A Heathen Is For Life, Not Just For Christmas

| Sydney, NSW, Australia | Romantic | December 25, 2012

(It’s Christmas time, and I’m doing some overtime to help my boss and a female co-worker put up some decorations around the store when a customer approaches me.)

Customer: “Can I have that tinsel?”

Me: “Oh, I’m sorry ma’am, this isn’t for sale. It’s just for the store. We’ve got some decorations for sale in the next aisle if you want me to show you?

Customer: “No. I want that one, are you even Christian?”

Me: *taken aback* “Uh, no ma’am, I’m not.”

Customer: “I thought so, you don’t deserve these decorations…you’re a heathen!”

Me: “I’m sorry, but my boss wouldn’t be happy with me giving away the decorations he’s already paid for.”

Customer: “I bet he wouldn’t be happy knowing that he’s got a heathen as an employee! I bet you’re one of them gays as well right?”

Me: *stunned* “Um…actually…”

Customer: *shouting* “You’re going straight to hell!
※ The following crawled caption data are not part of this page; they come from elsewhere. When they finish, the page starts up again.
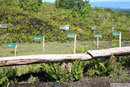 Savaii - Mt. Matavanu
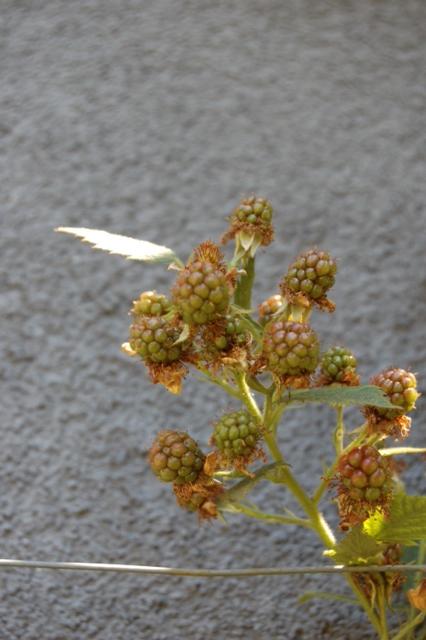 Himbeeren Und Kirsche Klockerei Blog himbeeren-und-kirsche-klockerei-blog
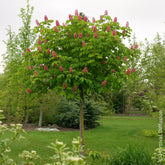 Rode paardenkastanje Briotii - Aesculus carnea Briotii - Willemse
I bet the rest of the staff don’t even know about your little secret!”

(Just then, my coworker walks up to us.)

Female Coworker: “Hey babe, can you help me set up the tree?”

(The customer turns white, and practically runs out of the store.)

Female Coworker: “Man, that woman was a b****!”

(We set up the tree and she asks me out afterwards, we’ve been dating for nearly seven months!)